This book, actually, is still in progress. Others have come onto center stage in the meanwhile, temporarily putting it on hold. But it was the Great Mother of my quests, and the books that followed really followed in its footsteps. MotherWealth: The Feminine Path to Money. The Portable Blessings Ledger: A Way to Keep Track of Your Finances and Bring Meaning and Heart into Your Dealings with Money. A recent article called "The Almighty and the Dollar: How Paying Attention to Our Inner Lives and Bringing Compassion to Our Dealings with Money Can Bring Us Closer to God." See, there is a series now: a series of books about "Money and the Inner Life." I never set out to write a series. I set out to find something that my soul required in order to go on. The process of finding it was writing that first book. And, having found what I was seeking, the whole story, all its traces, all the not knowing and the finding, were there in the book for others to read, footprints in the forest, as I myself had been seeking.
So perhaps there is something that you seek.

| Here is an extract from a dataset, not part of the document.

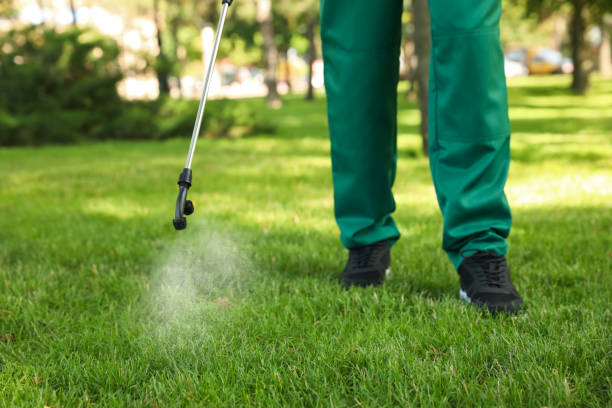 Best Rat Extermination Near Me  in Crest, CA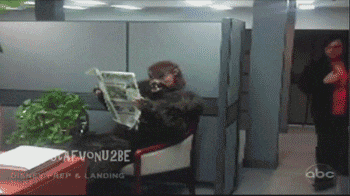 17-daily-gifdump-55.gif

It probably is already in you: but sometimes we have to make a far journey ~ far in depth and range, if not in actual geographical travel ~ in order to gain perspective about what was in us all along.
If this rings a bell for you, if some longing to find something that may not yet have a name is whispering to you from inside your chest as you read my words, then maybe you have a quest to make, yourself. And if you make it in the form of writing a book, you will get not only to find your way, but also to leave your traces and treasures behind for others who will want to make that same journey.
©2008 Naomi Rose. All rights reserved.
Naomi Rose, Book Developer and Writing Coach, has successfully used her "Writing from the Deeper Self" approach to help people with an inner-directed focus write the books of their hearts. ...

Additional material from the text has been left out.